Tablo 5’te ise yüksek gelir grubundaki gelişmekte olan ülkelerin mali alanı 2016 yılı için hesaplanmaktadır. Tabloya göre en yüksek Mali Alan I’e sahip yüksek gelirli ülke Kuveyt iken, en kısıtlı Mali Alan I’e sahip ülke ise Bahama’dır. Kuveyt’in brüt kamu borcunu, ortalama kamu gelirleri ile ödeyebilmesi için yaklaşık 4 aylık bir süreye ihtiyaç duyulmaktadır. Kuveyt’in ortalama kamu gelirinin yüksek olması ve kamu brüt borç düzeyinin düşük olması, mali alanın yüksek olmasına neden olmaktadır. Bahama’da ise bu süre yaklaşık 5,5 yıldır. Mali Alan II değerlerine bakıldığında ise en yüksek mali alana sahip ülke yine Kuveyt iken, en kısıtlı mali alana sahip ülke Antigua ve Barbuda’dır.

(15)

Maliye Araştırmaları Dergisi, Temmuz 2019, Cilt: 5, Sayı: 2, ss:175-191 189

Bu doğrultuda yüksek gelir grubundaki gelişmekte olan ülkelerin Mali Alan I ve Mali Alan II değerlerinin ortalamaları hesaplandığında sırasıyla 2,077 ve -0,030 olduğu ifade edilebilmektedir. Buradan hareketle yüksek gelir grubundaki gelişmekte olan ülkeler kamu brüt borcunu, ortalama kamu gelirleri ile karşılayabilmek için yaklaşık 2 yıllık bir süreye ihtiyaç duymaktadır. Düşük, orta ve yüksek gelir grubundaki ülkelerin Mali Alan I ve Mali Alan II değerleri ortalamaları karşılaştırıldığında gelir düzeyi yükseldikçe mevcut mali alanın arttığı çıkarımında bulunulabilmektedir. Nitekim düşük gelir grubundaki gelişmekte olan ülkeler brüt kamu borcunu, ortalama kamu gelirleri ile ödeyebilmek için yaklaşık 2,6 yıla, orta gelir grubundaki gelişmekte olan ülkeler 2,5 yıla ve yüksek gelir grubundaki gelişmekte olan ülkeler ise 2 yıla ihtiyaç duymaktadır. Bu durum Mali Alan II değeri için de geçerli olmaktadır. Üst gelir grubuna geçtikçe mevcut mali alanın genişlediği Mali Alan II değeri ortalamaları gelir grupları arasında karşılaştırılarak belirtilebilmektedir.

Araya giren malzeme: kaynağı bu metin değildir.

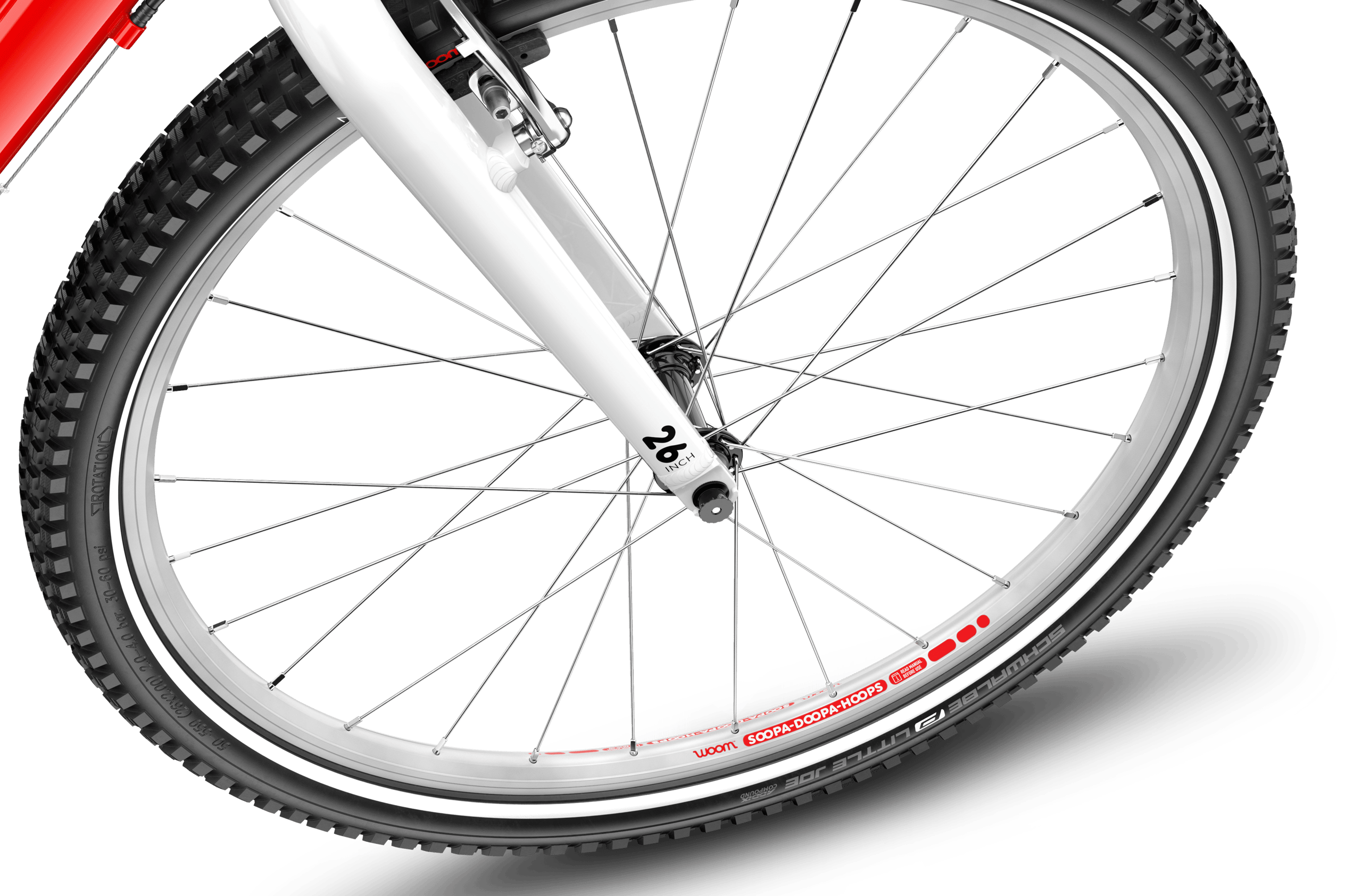 Detailed view of the front 26″ wheel on the woom ORIGINAL 6 children's bike.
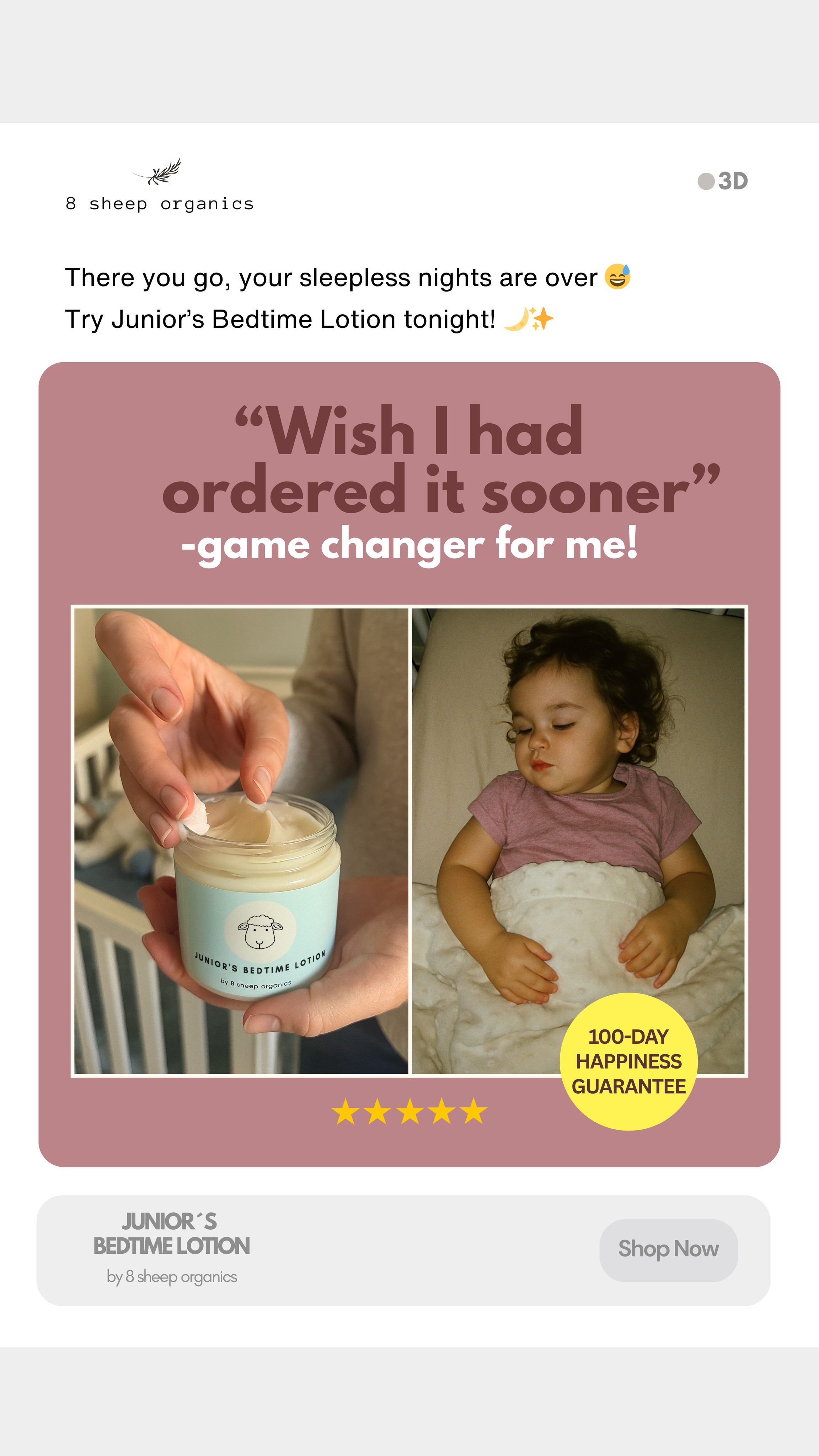 8 Sheep Organics Facebook ad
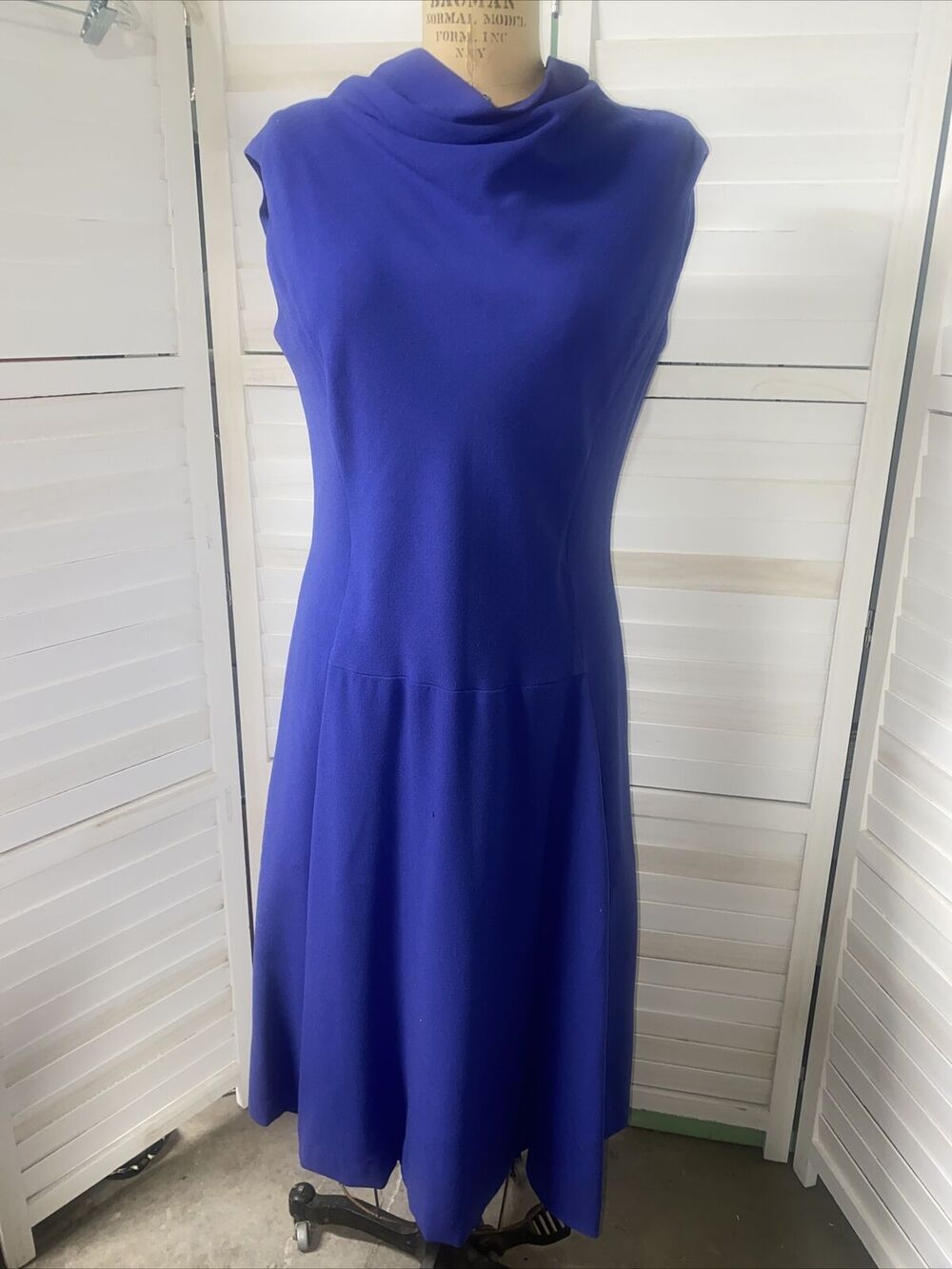 50s 60s Women’s Blue Midi A Line Dress Sleeveless Jeunesse New York Sz Large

Hesaplamalara dahil edilen 71 gelişmekte olan ülkenin Mali Alan I değeri ortalaması yani, kamu brüt borcunun ortalama kamu gelirleri ile ödenme süresi 2,40 yıl olarak hesaplanmıştır. Gelir grubu sınıflandırmasından bağımsız olarak en kısıtlı mali alana sahip ülke Sri Lanka iken; en yüksek mali alana sahip ülke ise Kiribati olarak yer almaktadır. Mali Alan II değeri ortalaması ise, -0,103 olarak hesaplanmıştır. Mali Alan II açısından gelir grubu sınıflandırmasından bağımsız olarak en yüksek mali alana sahip ülke Kuveyt iken; en kısıtlı mali alana sahip ülke ise Sri Lanka olmaktadır. Mali Alan I ve Mali Alan II değerleri birbiriyle uyumludur. Genel olarak Mali Alan I’e göre yüksek mali alana sahip bir ülke, Mali Alan II’ye göre de benzer sonucu vermektedir.

Türkiye ekonomisi gelişmekte olan ülkeler arasında, yüksek orta gelir grubunda (Dünya Bankası Temmuz 2017 verileri doğrultusunda) yer almaktadır. Bu doğrultuda Türkiye’ye ilişkin mali alan hesaplamaları verilerin ulaşılabilirliği nedeniyle 2000-2016 dönemini kapsamaktadır. Türkiye için hesaplanan mali alan değerleri Tablo 6’da gösterilmektedir.

Tablo 6: Türkiye İçin Mali Alanın Hesaplanması (2000-2016)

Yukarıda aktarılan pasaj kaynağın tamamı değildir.